▸ Problem
Look below for the line with "Cubed tofu being" and the line with "Robe bleu marine"; repeat exactly those two lines and all lines between them, but no pictures.

Provided records Block Start

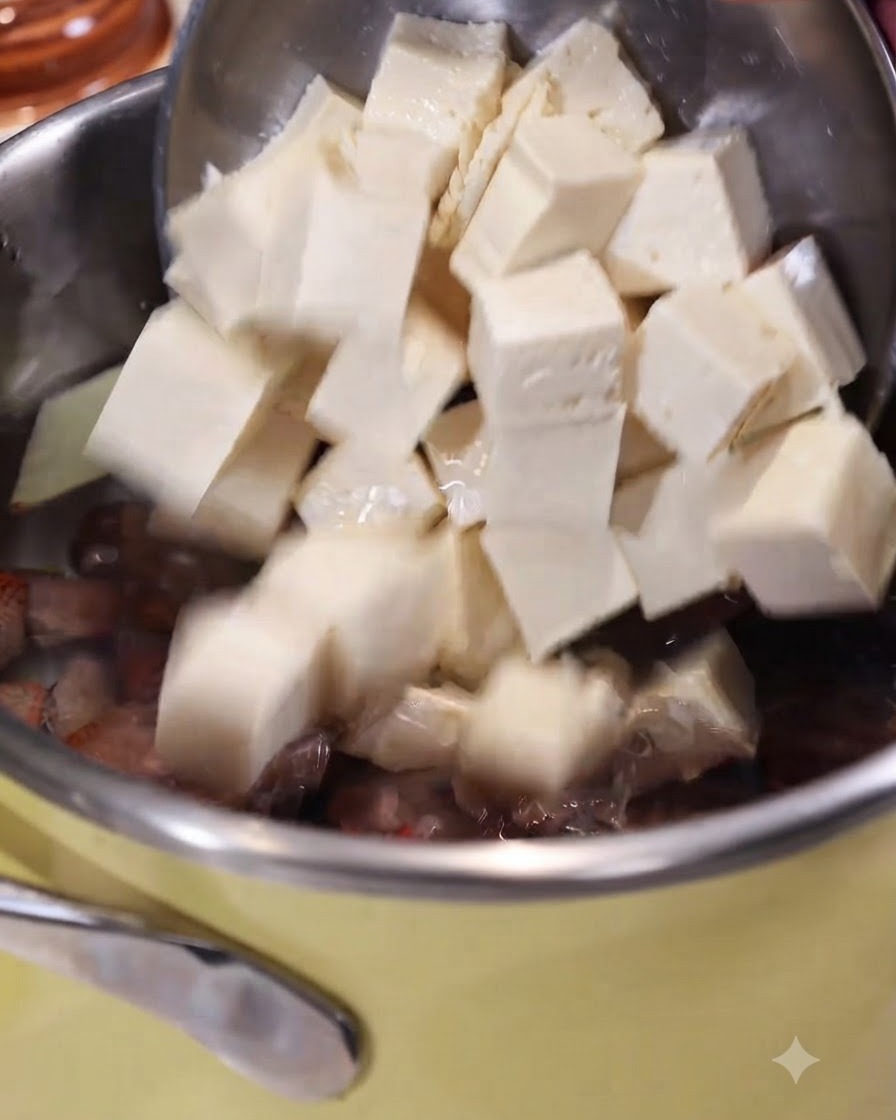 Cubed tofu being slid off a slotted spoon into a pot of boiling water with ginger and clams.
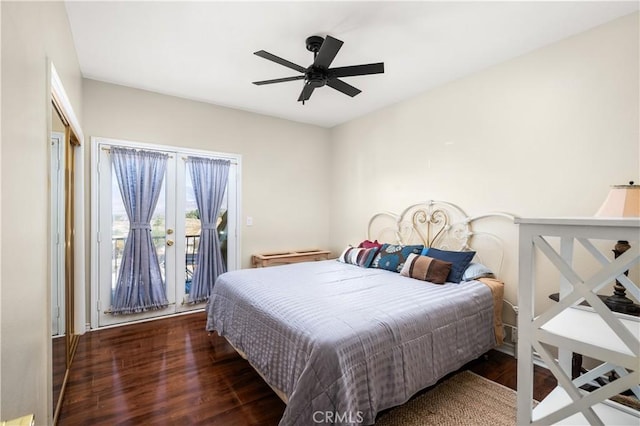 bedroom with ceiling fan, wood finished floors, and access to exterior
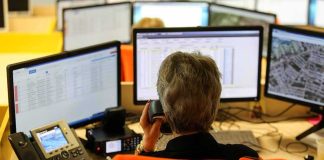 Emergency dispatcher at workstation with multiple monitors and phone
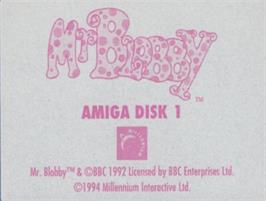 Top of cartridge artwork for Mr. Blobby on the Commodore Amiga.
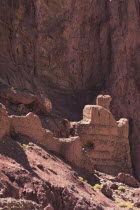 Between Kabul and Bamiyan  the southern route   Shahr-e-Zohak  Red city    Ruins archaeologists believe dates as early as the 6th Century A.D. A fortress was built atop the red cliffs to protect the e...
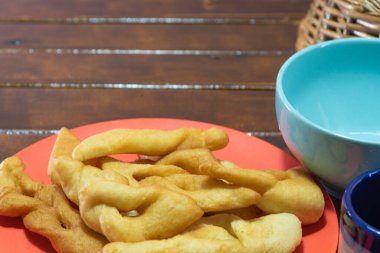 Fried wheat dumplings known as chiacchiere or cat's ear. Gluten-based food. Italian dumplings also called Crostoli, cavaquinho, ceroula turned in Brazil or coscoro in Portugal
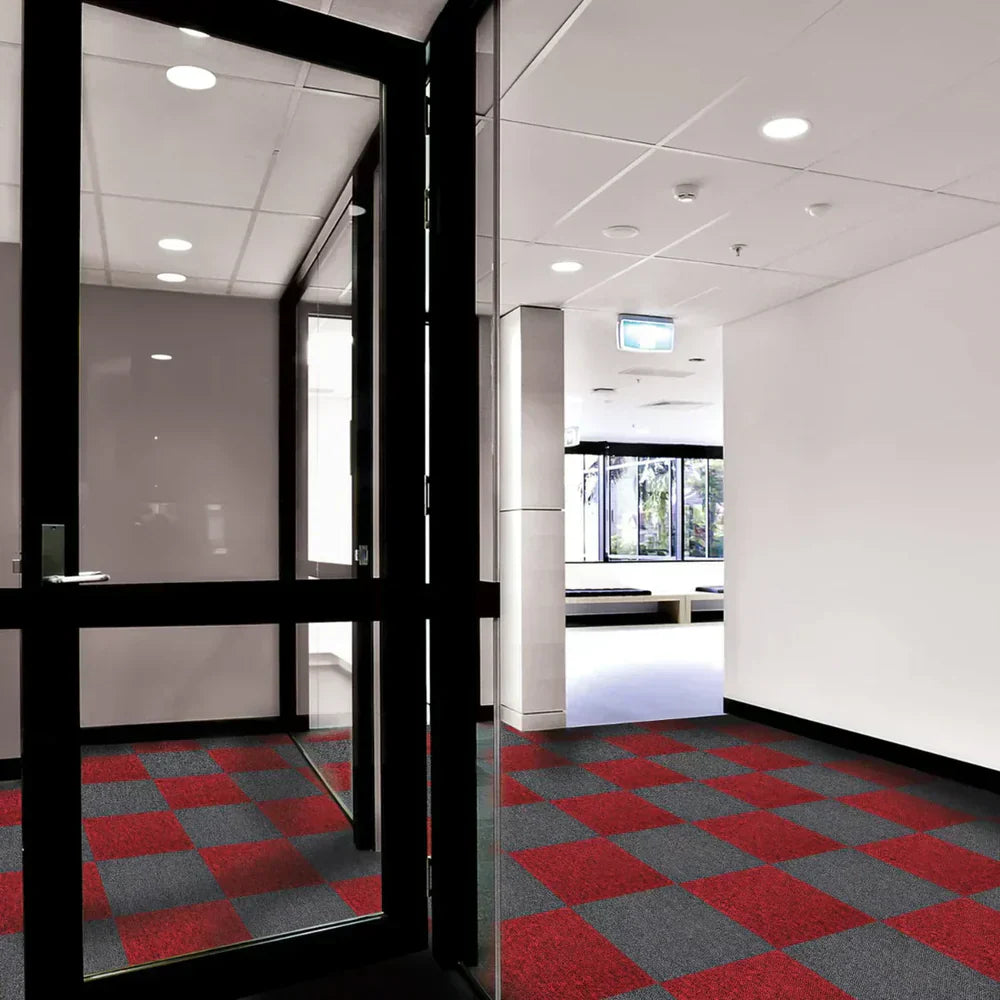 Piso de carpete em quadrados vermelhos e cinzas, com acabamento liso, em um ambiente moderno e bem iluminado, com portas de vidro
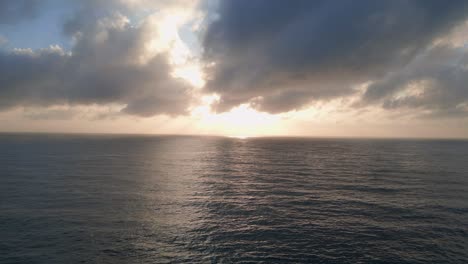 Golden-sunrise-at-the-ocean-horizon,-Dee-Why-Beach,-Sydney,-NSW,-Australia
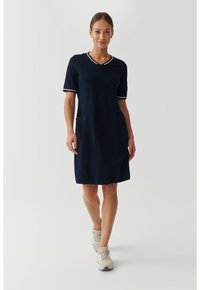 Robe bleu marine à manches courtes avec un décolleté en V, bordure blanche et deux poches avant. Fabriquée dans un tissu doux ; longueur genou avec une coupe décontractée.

Provided records Block End
Provided records Block Start

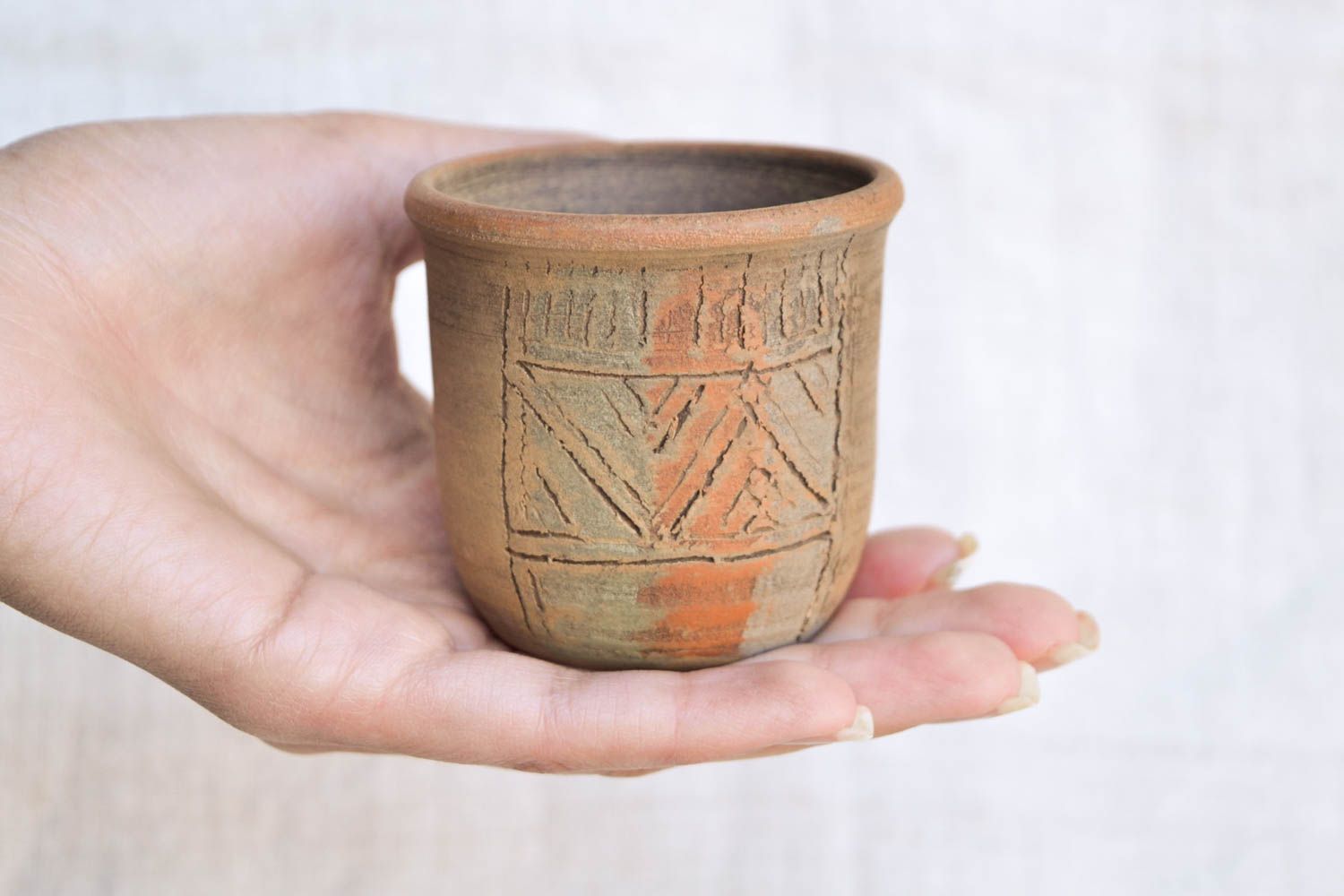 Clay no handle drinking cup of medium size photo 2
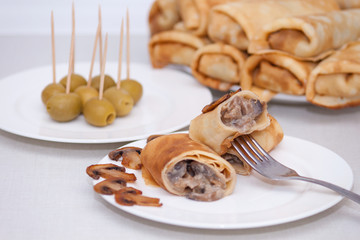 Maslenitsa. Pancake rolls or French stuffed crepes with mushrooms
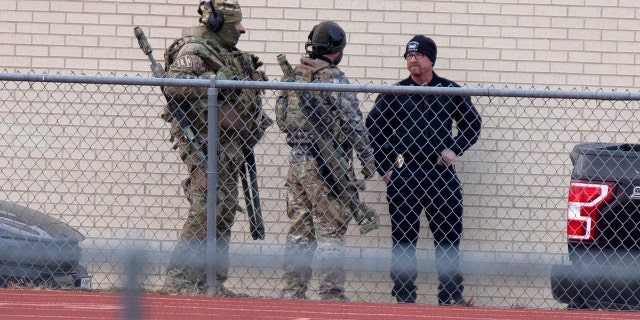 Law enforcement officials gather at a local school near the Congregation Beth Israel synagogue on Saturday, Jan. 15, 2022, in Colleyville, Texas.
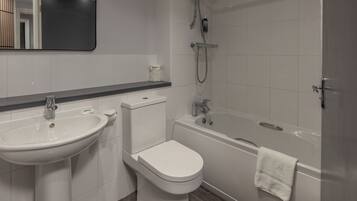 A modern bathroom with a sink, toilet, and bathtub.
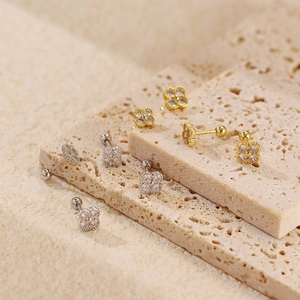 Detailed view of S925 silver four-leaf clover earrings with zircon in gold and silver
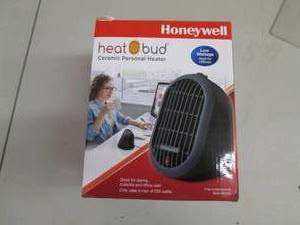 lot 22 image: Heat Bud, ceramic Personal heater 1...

Provided records Block End

▸ Written reply
 Cubed tofu being slid off a slotted spoon into a pot of boiling water with ginger and clams.
 bedroom with ceiling fan, wood finished floors, and access to exterior
 Emergency dispatcher at workstation with multiple monitors and phone
 Top of cartridge artwork for Mr. Blobby on the Commodore Amiga.
 Between Kabul and Bamiyan  the southern route   Shahr-e-Zohak  Red city    Ruins archaeologists believe dates as early as the 6th Century A.D. A fortress was built atop the red cliffs to protect the e...
 Fried wheat dumplings known as chiacchiere or cat's ear. Gluten-based food. Italian dumplings also called Crostoli, cavaquinho, ceroula turned in Brazil or coscoro in Portugal
 Piso de carpete em quadrados vermelhos e cinzas, com acabamento liso, em um ambiente moderno e bem iluminado, com portas de vidro
 Golden-sunrise-at-the-ocean-horizon,-Dee-Why-Beach,-Sydney,-NSW,-Australia
 Robe bleu marine à manches courtes avec un décolleté en V, bordure blanche et deux poches avant. Fabriquée dans un tissu doux ; longueur genou avec une coupe décontractée.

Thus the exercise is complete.